The final and crowning piece of the plan, the chapel, was made possible by the legacy that he received on his mother’s death. The chapel is a triumph effectively designed by a local Northumbrian architect with much input from Harold. Dedicated in honour of St Mary and St Cuthbert, it is a triumph of the neo-Romanesque, but breathing the air of the celebrated Northumbrian saints, and with stones and bricks collected from the shores of Lindisfarne: stained glass includes images of St Aidan and St Cuthbert, and there is a relic of Cuthbert in the altar base. In 2015, it won the first prize in the RIBA (Royal Institute of British Architects) competition for the best new ecclesiastical building.
Harold sang daily the full office of matins, terce, sext, none, evensong, and compline to Gregorian chant, including material that he had personally gathered together. Some twenty years ago, Harold sought to move his allegiance to the Holy See, but without renouncing his former life and continuing very largely to use the riches of Anglican spirituality within his daily, monthly, and annual routine.
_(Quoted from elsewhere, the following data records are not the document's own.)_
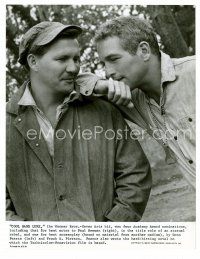 9j144 COOL HAND LUKE candid 7.5x10 still '67 Paul Newman on set with author Don Pierce!
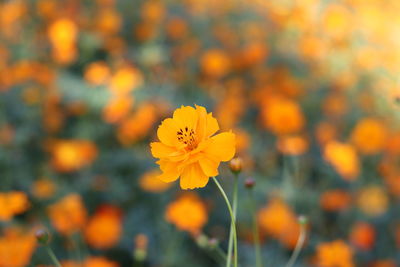 Close-up of yellow cosmos flower blooming outdoors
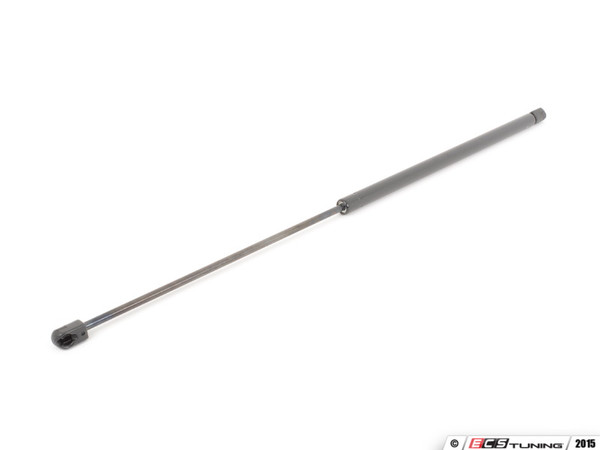 Hood And Trunk Strut Kit | ES2762292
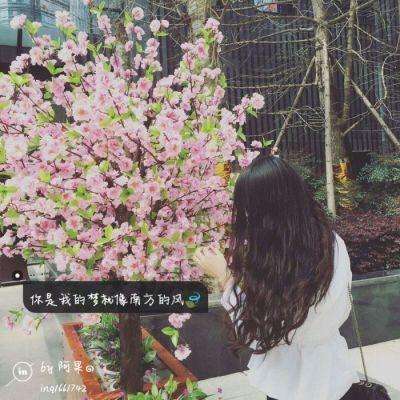 半岛网页版app下载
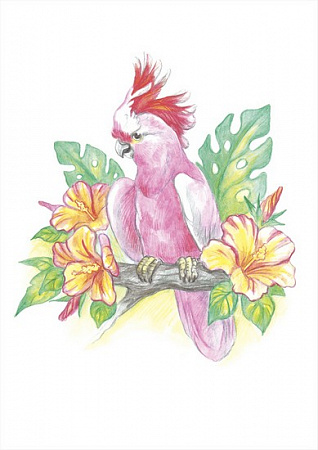 Картина по номерам Австралийский розовый какаду Скетч для раскраш. акварельными карандашами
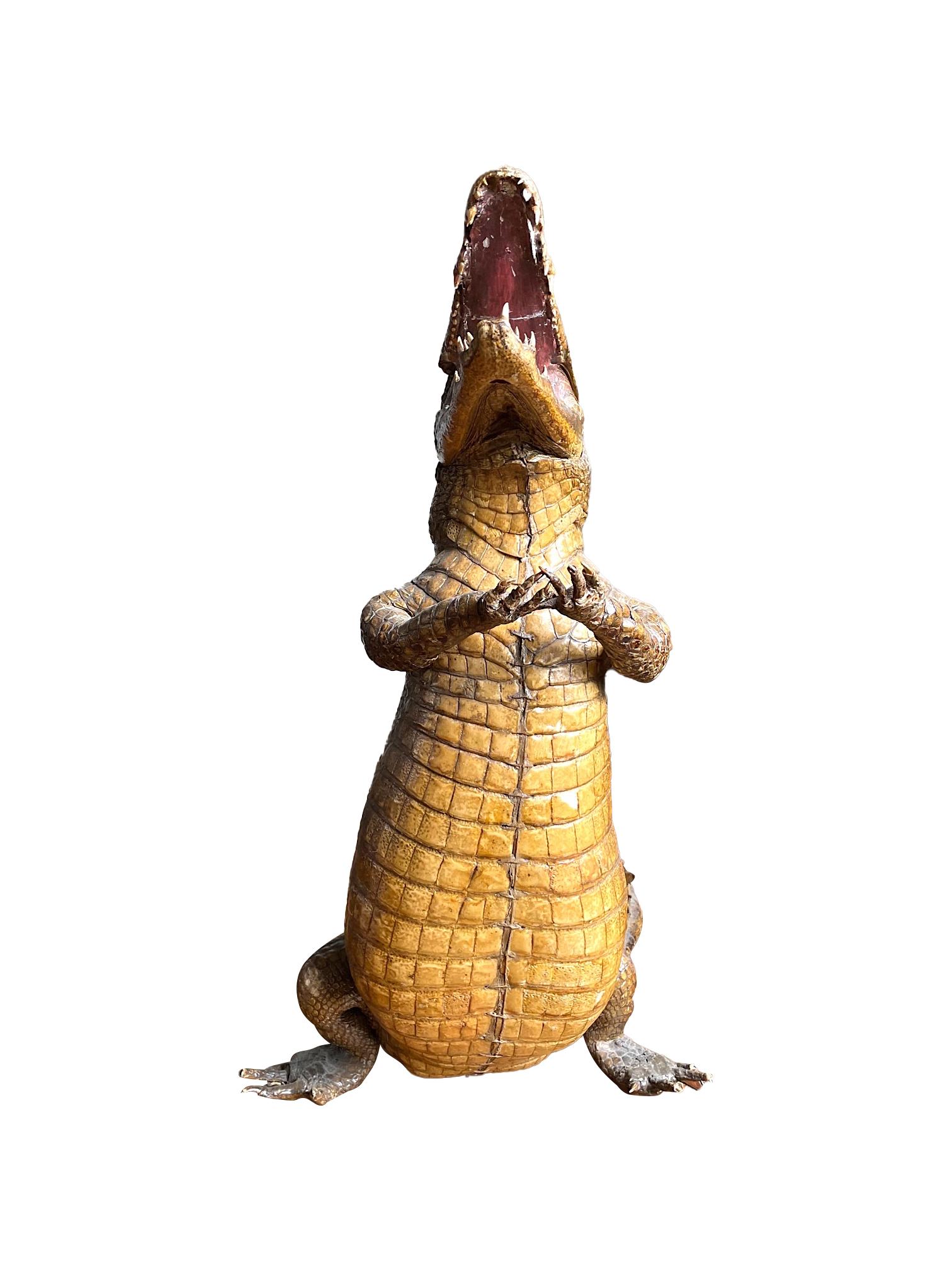crocodile hands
The music and texts are now safely stored at Shepherds Law, and a monograph, Oneness, has been published. Inspired by Harold’s life, it takes the reader deeper into the contemplative monastic life.
An ecumenical trust with a majority of religious has taken on the development of the hermitage, so that Harold’s remarkable vision lives on. He died in the early hours of 4 October, the feast of St Francis.